Fujimori y Acuña: dos candidatos con investigaciones fiscales

Foto: Inforegión.

El Perú está normalizando una escena que debería incomodarlo hasta el insomnio: candidaturas presidenciales que compiten con investigaciones fiscales en curso, como si gobernar fuera un trámite y rendir cuentas una cortesía. Se nos pide votar con fe, no con información. Se nos invita a mirar propuestas, no expedientes. Y cuando alguien exige explicaciones, aparece el escudo automático: “que la justicia decida”. Sí, que la justicia decida en tribunales. Pero la democracia decide antes, en las urnas, y decide con el único poder que no admite excusas: el voto.

En ese escenario, dos nombres concentran una alarma mayor por gravedad y patrón: Keiko Fujimori y César Acuña. No porque la investigación sea sinónimo de culpabilidad —no lo es—, sino porque el país no puede seguir entregando el Estado a candidatos que llegan condicionados por sospechas vinculadas, precisamente, a los temas que prometen “combatir”: corrupción, captura institucional y uso indebido del poder.

El caso de Keiko Fujimori es particularmente corrosivo para la confianza pública. No estamos ante una candidata novel, expuesta por primera vez a la fiscalización. Es una figura recurrente en la política nacional, con investigaciones que incluyen presuntos delitos como lavado de activos y organización criminal, además de diligencias asociadas a procesos electorales. Cuando una aspirante a gobernar acumula imputaciones de esa naturaleza, no basta con repetir la palabra “persecución” como si fuera una absolución anticipada. La democracia exige algo más simple y más difícil: explicar con precisión qué se investiga, por qué, en qué estado está y qué garantías ofrece de no usar el poder para convertir su defensa en política de Estado.

Porque esa es la implicancia real: un gobierno que nace bajo sospecha tiene un incentivo perverso a gobernar en modo autodefensa. Cada institución autónoma se vuelve un obstáculo potencial, cada fiscal un enemigo conveniente, cada investigación un motivo para polarizar. El país termina discutiendo expedientes mientras la inseguridad crece, la economía se enfría y la corrupción se recicla. La Presidencia no puede ser un estrado permanente, ni el Estado una coraza.

El caso de César Acuña no es menos inquietante, aunque el ángulo sea distinto. Sus investigaciones incluyen presuntos delitos como tráfico de influencias, concusión y cohecho, es decir, sospechas vinculadas al corazón de la función pública: el poder como moneda, la cercanía peligrosa entre interés privado y decisión pública. Aquí el problema no es solo jurídico, es político: ¿cómo sostener un discurso de institucionalidad cuando el propio candidato debe responder por expedientes que cuestionan su relación con el poder? ¿Con qué autoridad moral se promete “orden” si el país teme que ese orden sea, en realidad, un orden conveniente?

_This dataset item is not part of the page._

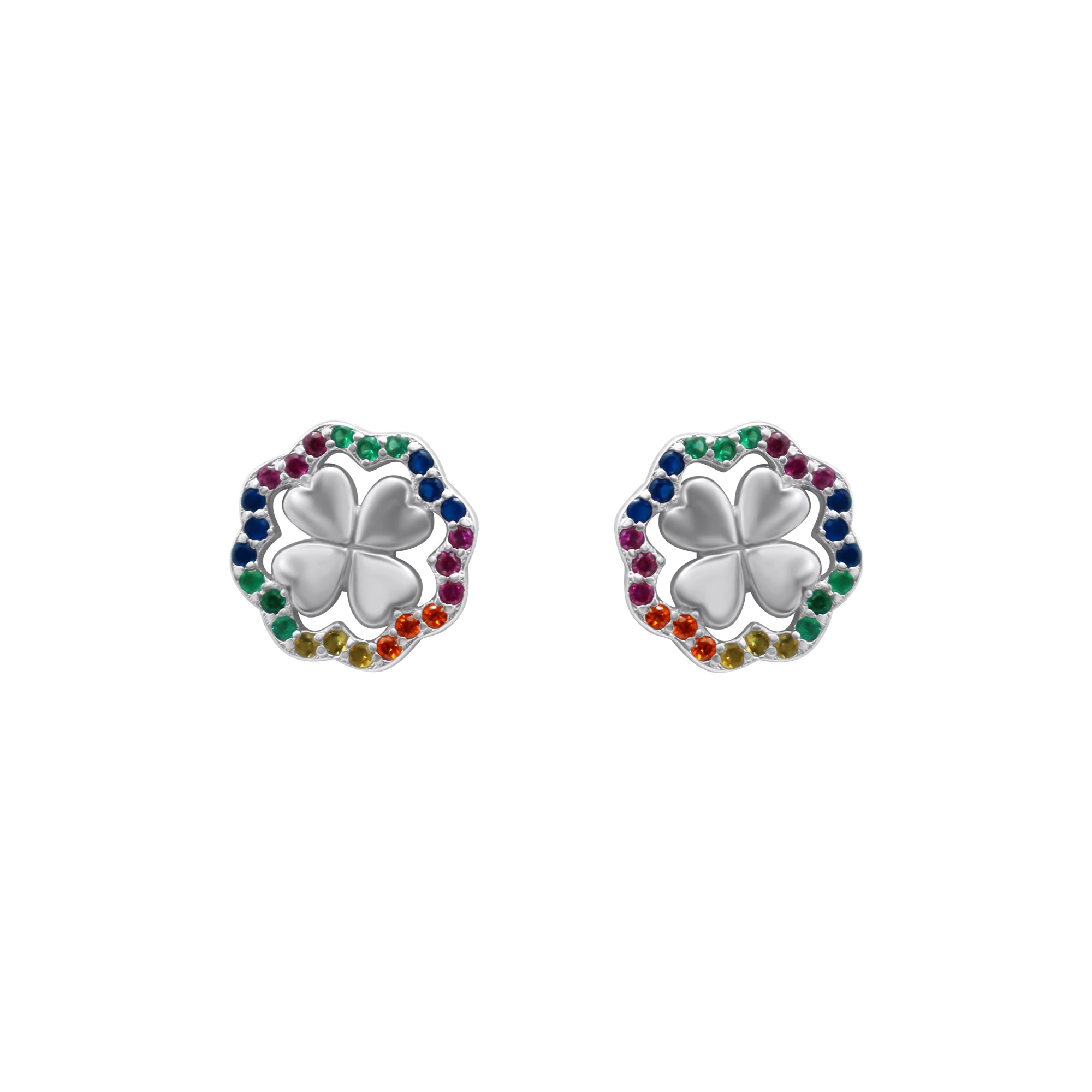 Sterling Silver Multi Color 4 Leaf Clover Studs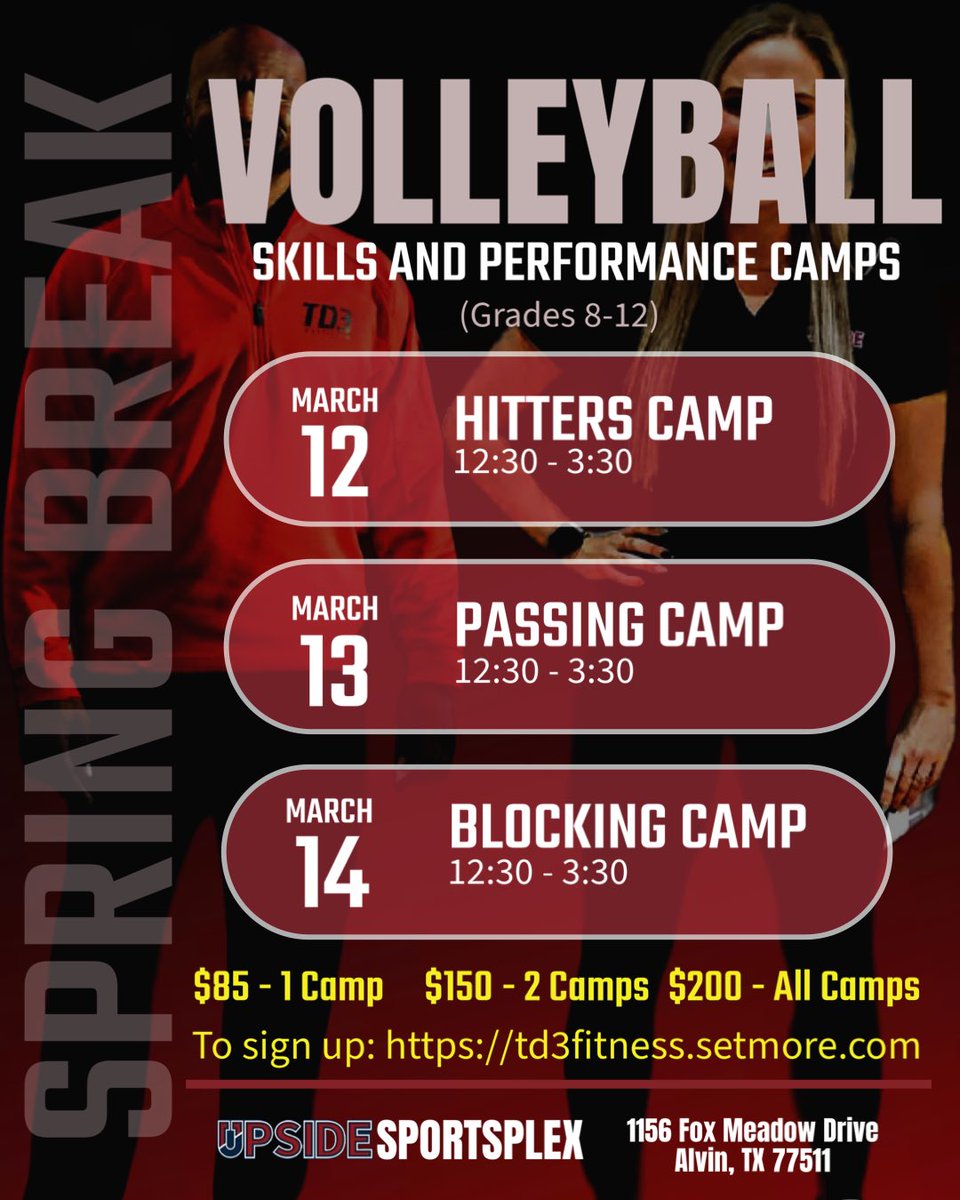Hit, Pass, Block! Join us for an action packed Spring Break Skills &amp; Performance Camp. 
—————————————————
RESERVE YOUR SPOT ONLINE‼️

Lo más grave no es que existan investigaciones. Lo más grave es el ecosistema que las vuelve tolerables. Partidos que postulan sin filtrar, militancias que defienden sin leer, candidatos que se victimizan sin explicar y ciudadanos que se resignan con el “todos son iguales”. Esa resignación es la mejor aliada de la impunidad. Porque cuando todo se relativiza, nada se exige. Y cuando nada se exige, el poder se captura.

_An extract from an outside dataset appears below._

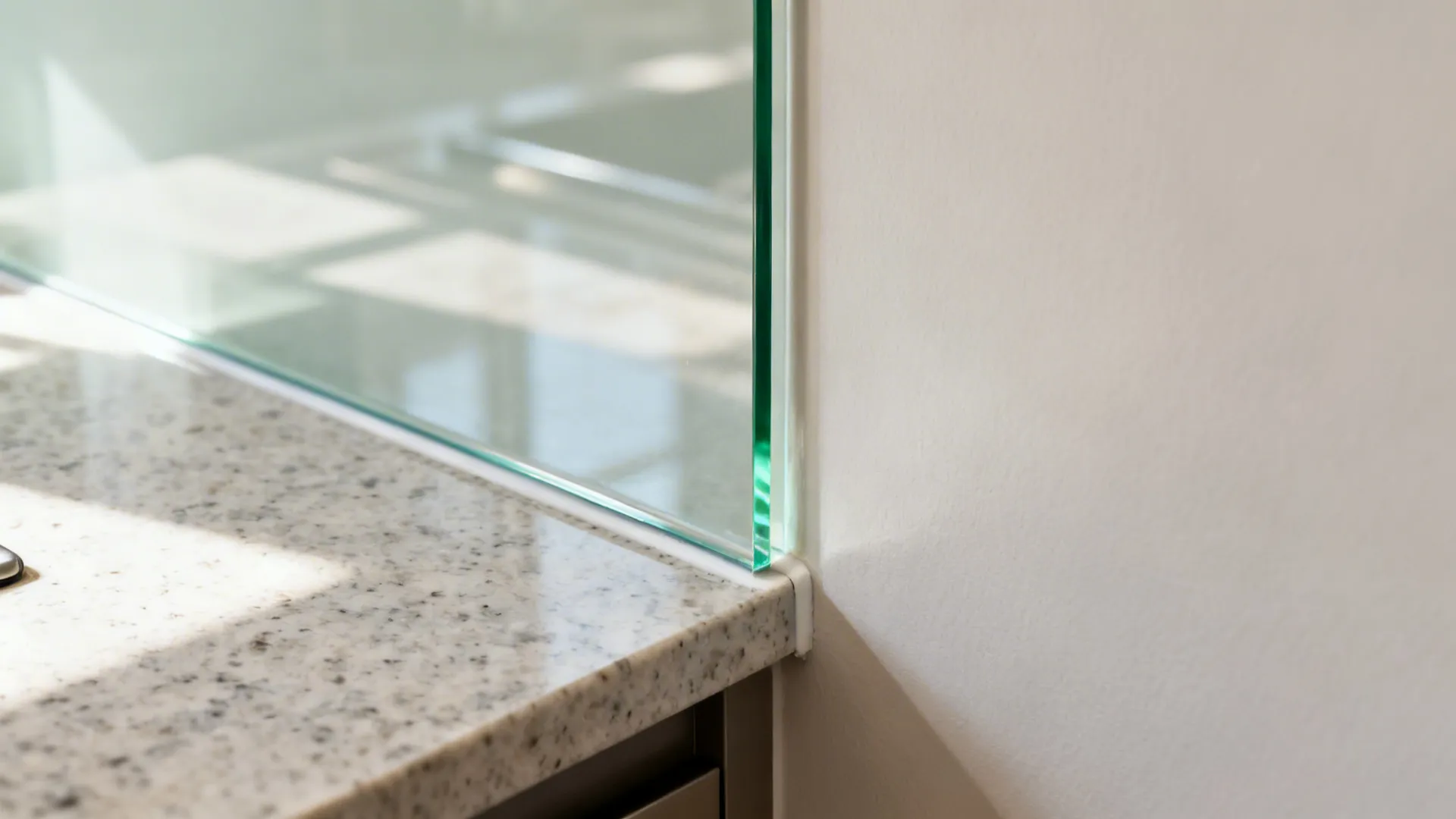 Close-up of a clear low-iron glass backsplash with soft daylight reflections over a light quartz counter.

Esta editorial no pide condenas sin sentencia. Pide algo más básico: no convertir la sospecha en costumbre. Presunción de inocencia, siempre. Pero idoneidad política se evalúa antes de votar, no después de lamentar. Si Fujimori y Acuña quieren gobernar, deben ofrecer transparencia completa, verificable y sin victimismo. No “emociones”, no “ataques”, no “campañas sucias”: hechos y documentos.

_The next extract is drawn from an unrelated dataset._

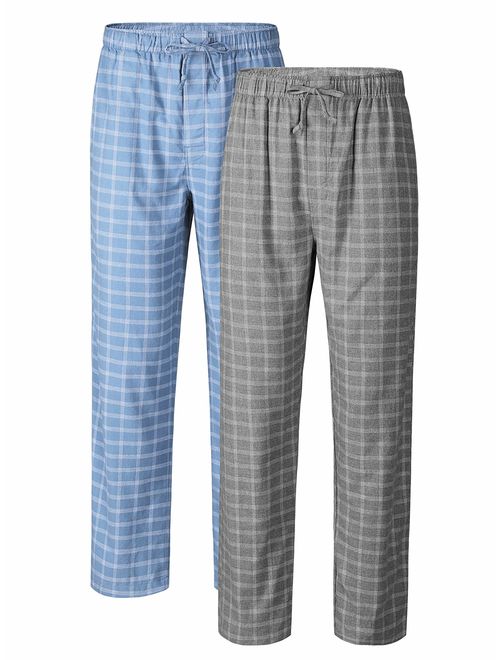 DAVID ARCHY Men's Comfy Jersey Cotton Knit Pajama Lounge Sleep Pant in 1/2 Pack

La reflexión final es dura, pero necesaria: una democracia que elige líderes condicionados termina con un Estado condicionado. Y un Estado condicionado es un Estado débil: perfecto para el crimen organizado, perfecto para la corrupción, perfecto para la captura. La Presidencia no es un refugio de expedientes. Si el Perú insiste en votar con los ojos cerrados, luego no podrá quejarse de vivir en un país donde la rendición de cuentas siempre llega tarde… o nunca llega.